1. Indicate if each of the following is true or false. If false, provide a counterexample.
(a) The mean of a sample is always the same as the median of it.

(b) The mean of a population is the same as that of a sample.

(c) If a value appears more than half in a sample, then the mode is equal to the value.

2. (Union and intersection of sets) Let Ω = {1,2,...,6}. Suppose each element is equally likely, i.e., P({ω}) = 1/6 for each ω.

(a) Let A be the set of even numbers in Ω and let B be the set of odd numbers in Ω. Obtain A∪B and A∩B.

(b) Let A ⊆ B. What is the probability of P(A\B)?

(c) Let A be the set of even numbers in Ω. Calculate P(Ω\A).

3. (Permutation and combination) There are 10 landmarks in a city. Ann is supposed to stay in the city for 3 days. Because of time constraint, Ann must choose only one landmark for each day. Suppose Ann does not want to visit the same place more than once. How many options Ann should consider?

4. Ann visits a restaurant and finds that there are 5 main dishes and 3 desserts. Ann is considering to choose 2 main dishes and 1 dessert. How many options does she have?

5. Bob is supposed to take an exam. There are 5 questions and the event that each question is correctly answered is 30% and those events are independent. Let X be a random variable for the number of correct answers that Bob will make.

(a) Calculate P(X ≥ 1).

(b) Calculate P(X = 2).

(c) Obtain the cumulative distribution function for X.

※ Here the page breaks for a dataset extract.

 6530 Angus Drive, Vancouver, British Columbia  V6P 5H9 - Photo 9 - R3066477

(d) Calculate the mean and the variance of X.

6. Ann and Bob play a simple game: each independently draws a number from 1 to 10 each of which is equally likely. The person with a higher number wins. If they draw a same number, then there is a draw.
(a) What is the probability of Ann’s winning before drawing a number?

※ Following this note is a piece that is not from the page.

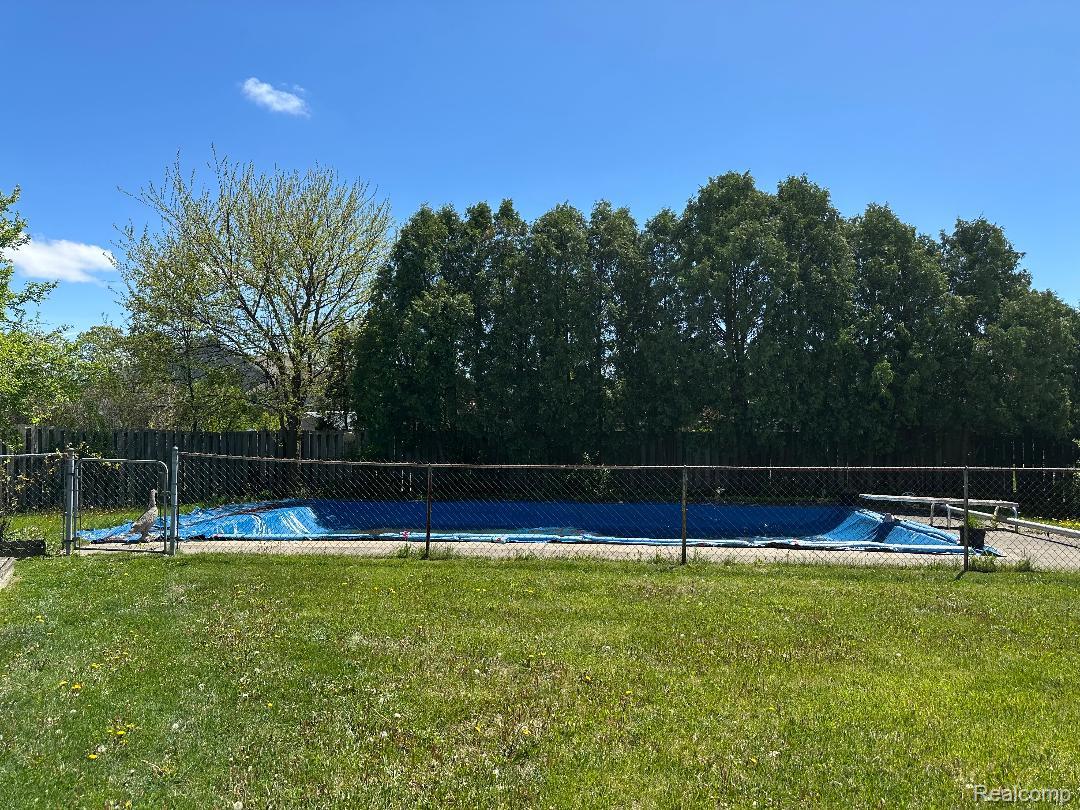 37631 Douglas Court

(b) What is the probability of Ann’s winning conditional on drawing number 7?

(c) Let X1 be a random variable for the number Ann draws; and let X2 be that for Bob. Calculate P(X1 + X2 ≥ 18).

(d) What is the mean of X1 + X2? What is the variance?

7. Ann and Bob are playing a board game. It is almost the end of the game; Ann is supposed to roll a dice first then Bob. Ann wins if the number on the dice is at least 5, while Bob wins if Ann fails to win and the number of his dice tuns out to be at least 3. If both fail then, there will be a draw.
(a) What is the probability of Ann winning the game?

(b) What is the conditional probability of Bob winning the game given that Ann fails to win?

(c) What is the probability of Bob winning the game?

(d) Chris bets on Bob: if Bob wins Chris gets 1, while he loses 2 if Ann wins. A draw gives him 0. What is the mean of the amount of Chris’ winning?